▶ Data for this exercise:
⁂
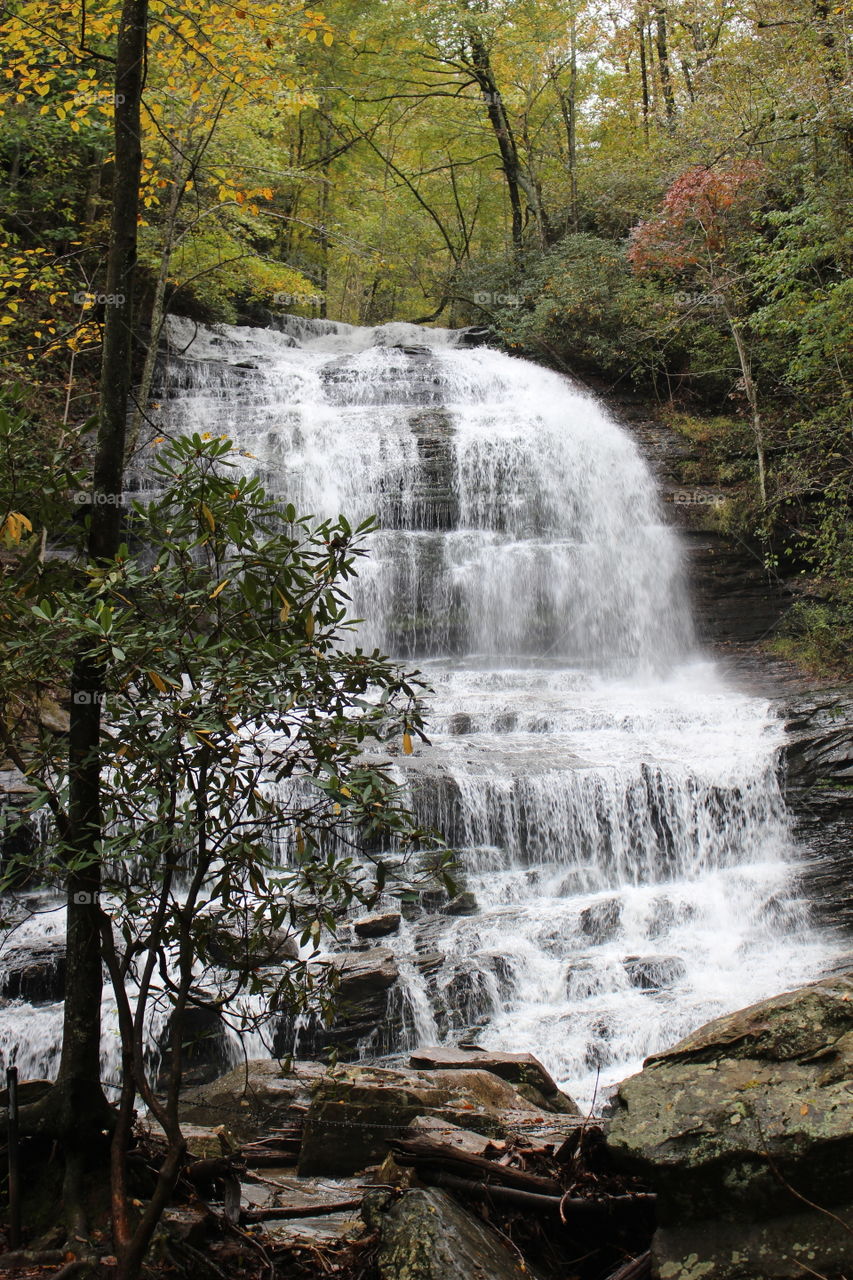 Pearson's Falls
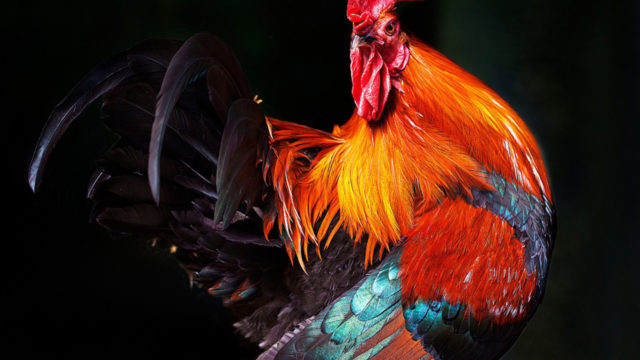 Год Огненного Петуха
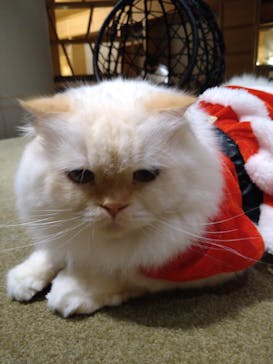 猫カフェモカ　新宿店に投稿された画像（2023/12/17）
⁂
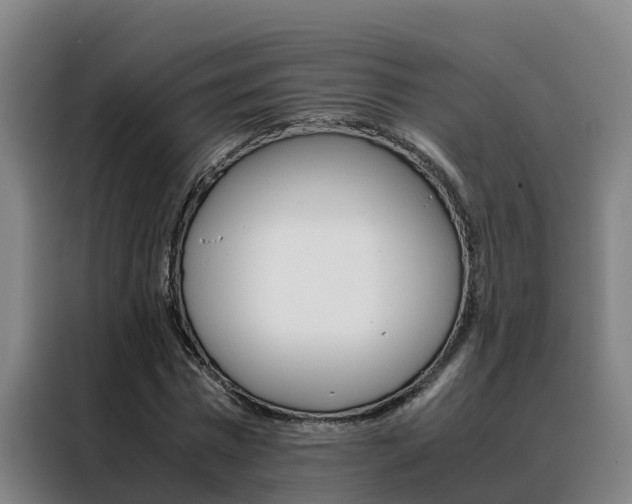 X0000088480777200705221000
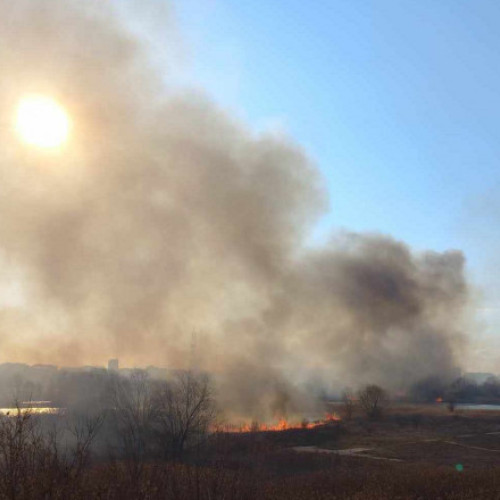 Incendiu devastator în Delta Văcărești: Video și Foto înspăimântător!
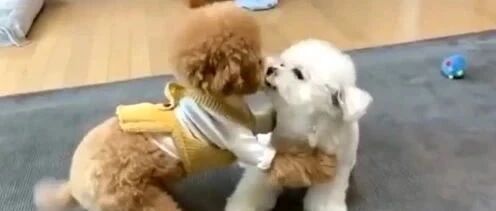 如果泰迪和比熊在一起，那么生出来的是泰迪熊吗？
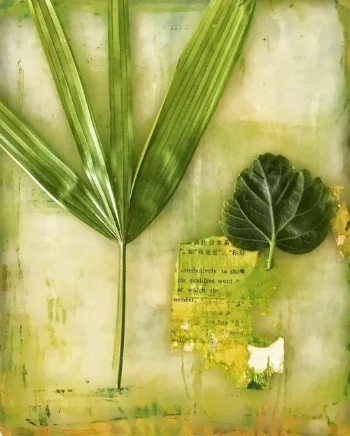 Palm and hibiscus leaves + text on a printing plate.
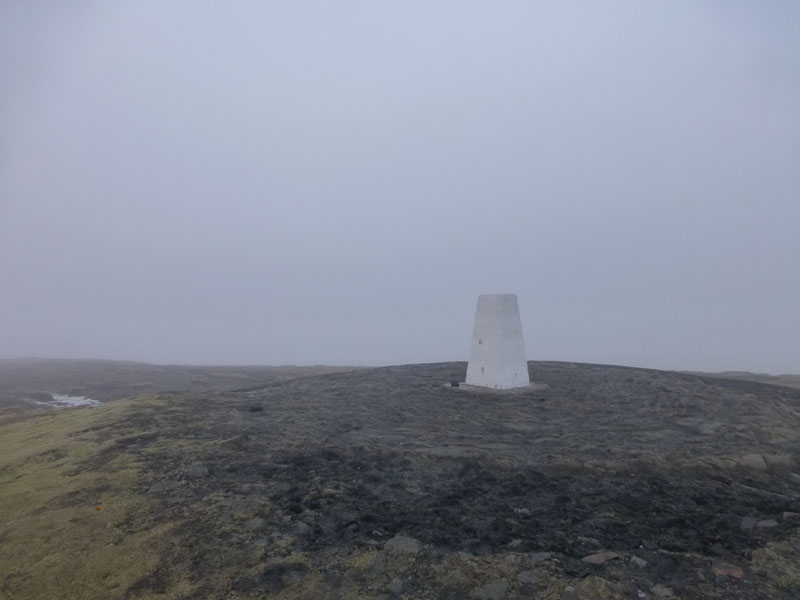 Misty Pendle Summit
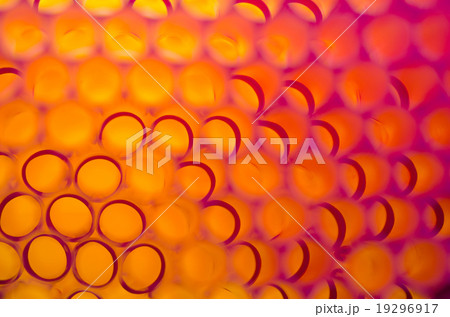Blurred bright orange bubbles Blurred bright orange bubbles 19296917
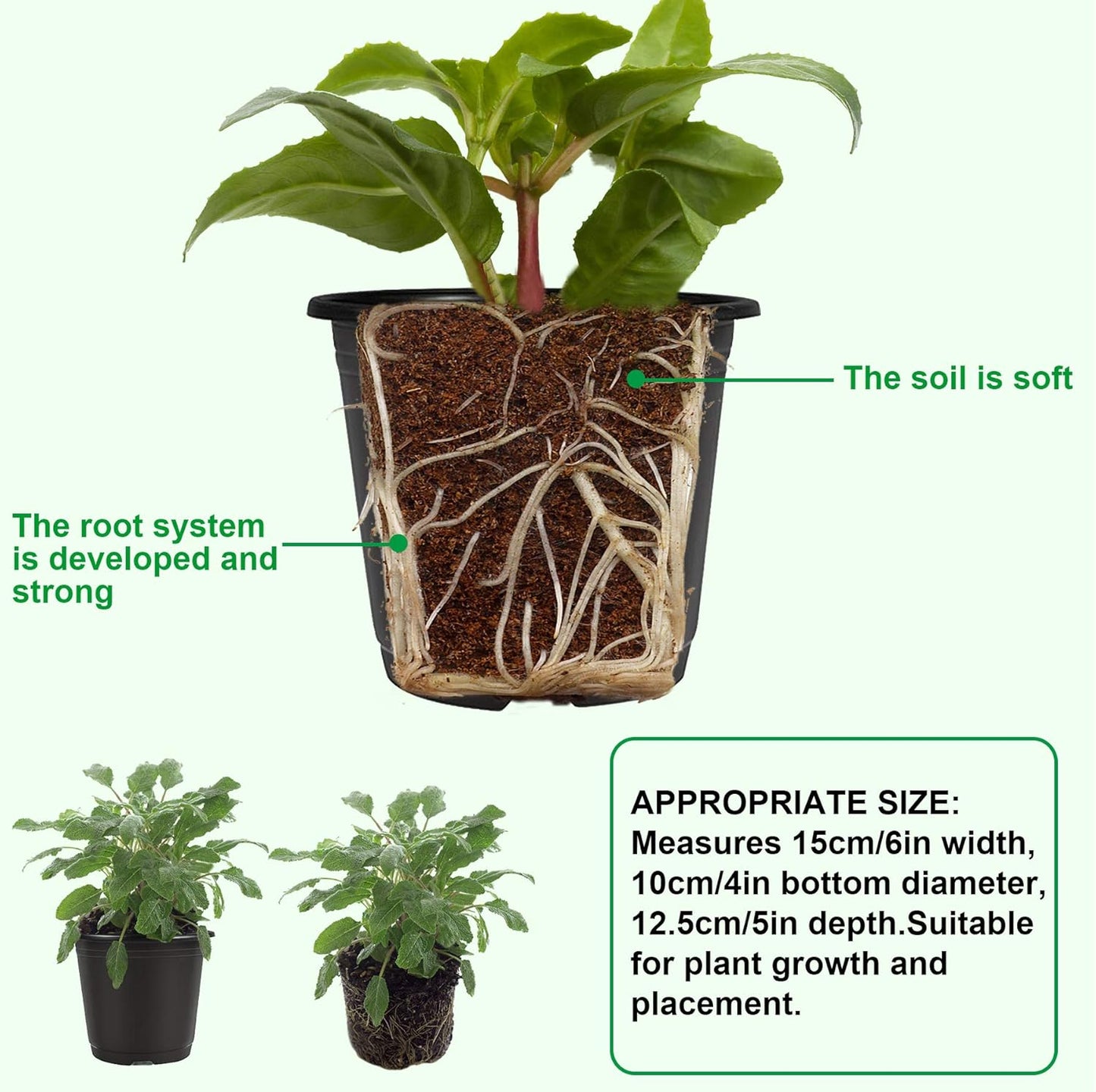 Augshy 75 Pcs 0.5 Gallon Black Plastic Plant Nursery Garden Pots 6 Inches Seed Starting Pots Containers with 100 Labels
⁂
▶ Your assignment: Starting with the line that contains "Pearson's Falls" and finishing with the line that contains "猫カフェモカ　新宿店に投稿された画像（2023/12/17）", reproduce every line of the material above exactly, but not the pictures.

▶ Result of this exercise:
 Pearson's Falls
 Год Огненного Петуха
 猫カフェモカ　新宿店に投稿された画像（2023/12/17）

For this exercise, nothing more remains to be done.